● **COLLECTED DATA**

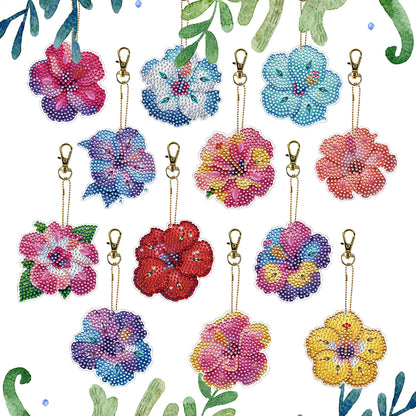 Flower 12Pcs 2D Flat DIY Diamond Painting Keychain PVC Crystal Painting Keyring
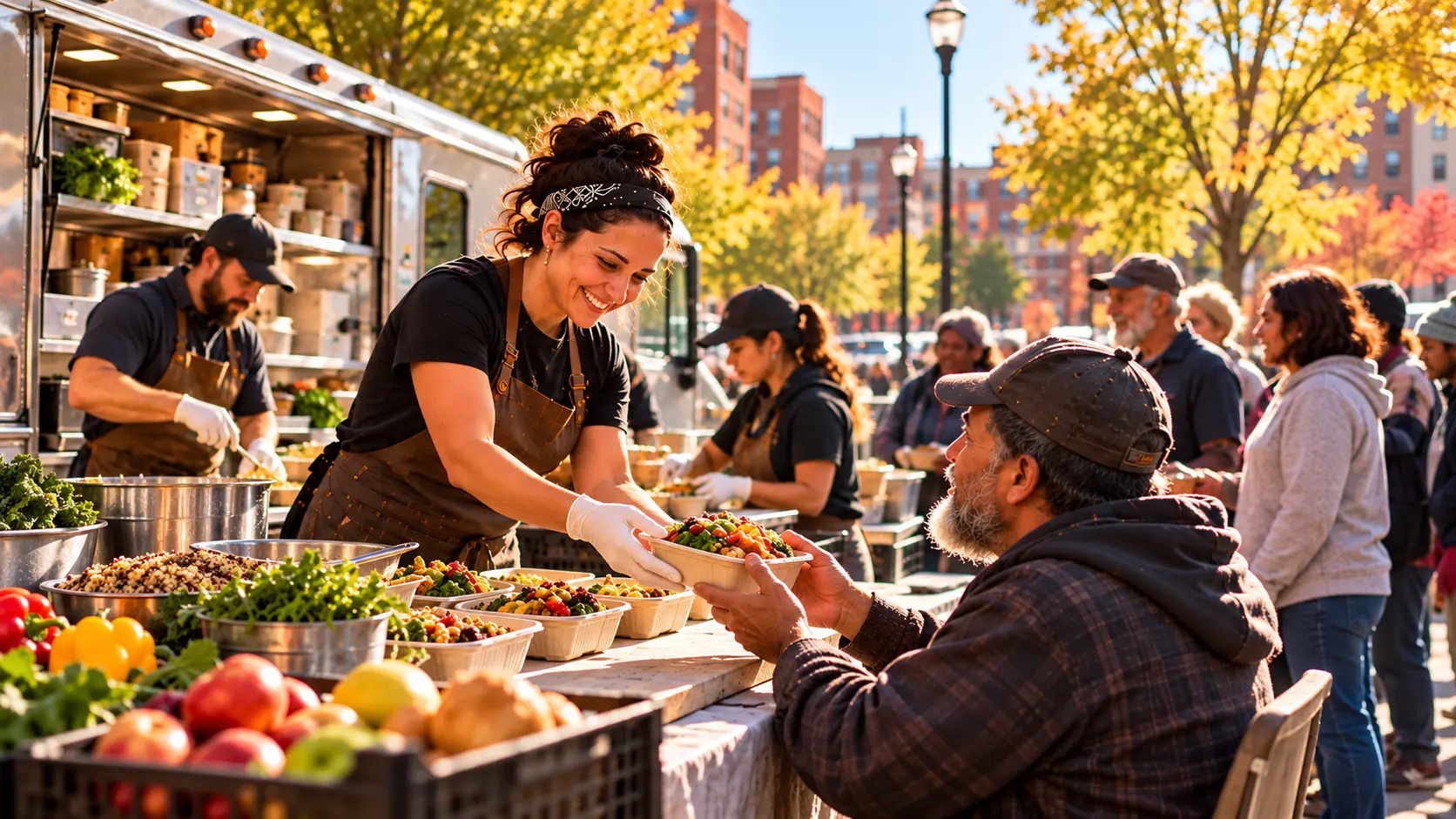 A smiling community food-service worker hands a healthy meal to an older man beside a neighborhood food truck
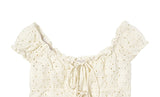 Muto Punching Ribbon Short Sleeve Blouse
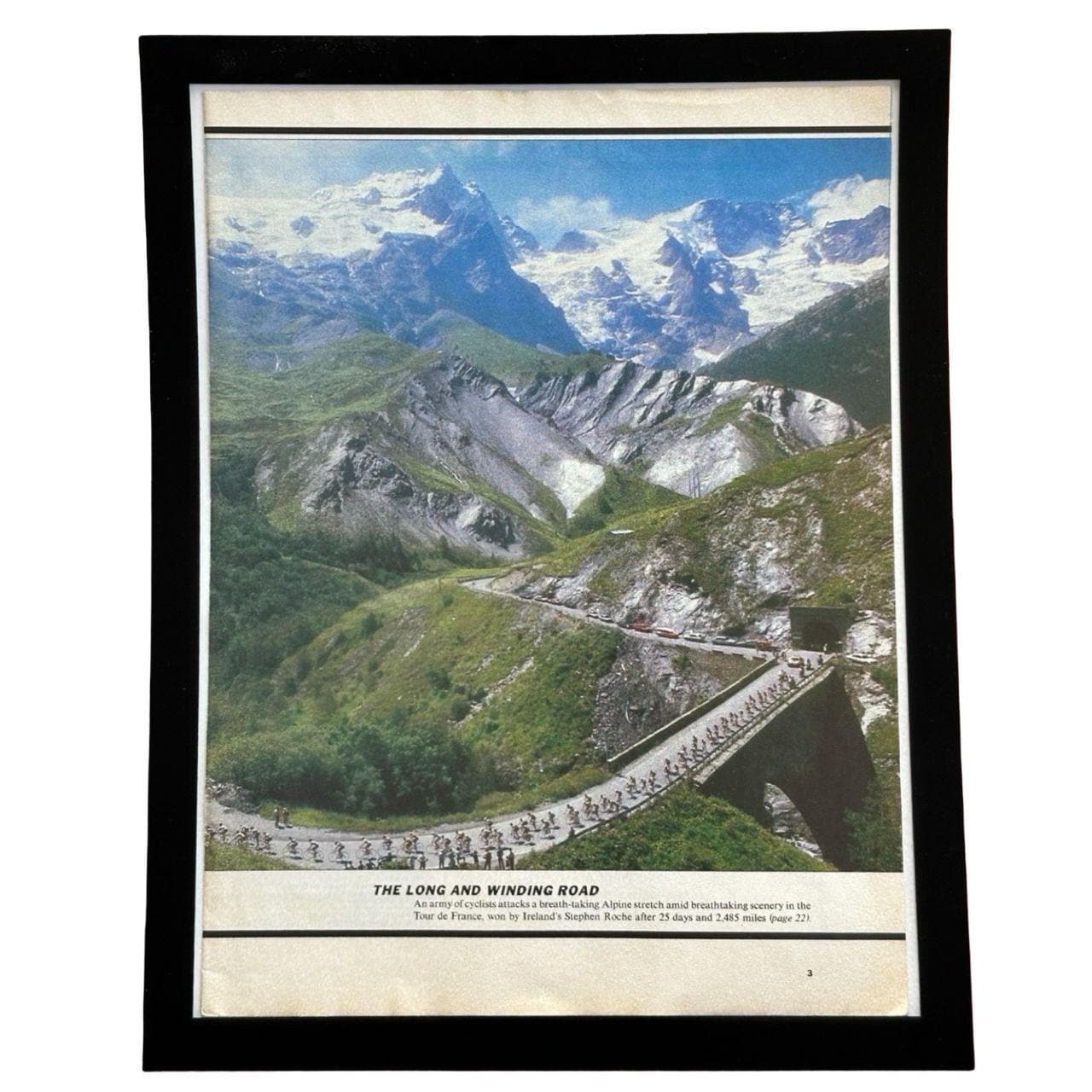 Vintage 1987 Framed Tour De France Cycling Editorial Print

● **WHAT YOU WILL DO**
Print, exactly and only, the lines running from the line with "Muto Punching Ribbon Short Sleeve Blouse" through the last line of the data, including both. Skip any picture.

● **SOLUTION FOR THIS TASK**
 Muto Punching Ribbon Short Sleeve Blouse
 Vintage 1987 Framed Tour De France Cycling Editorial Print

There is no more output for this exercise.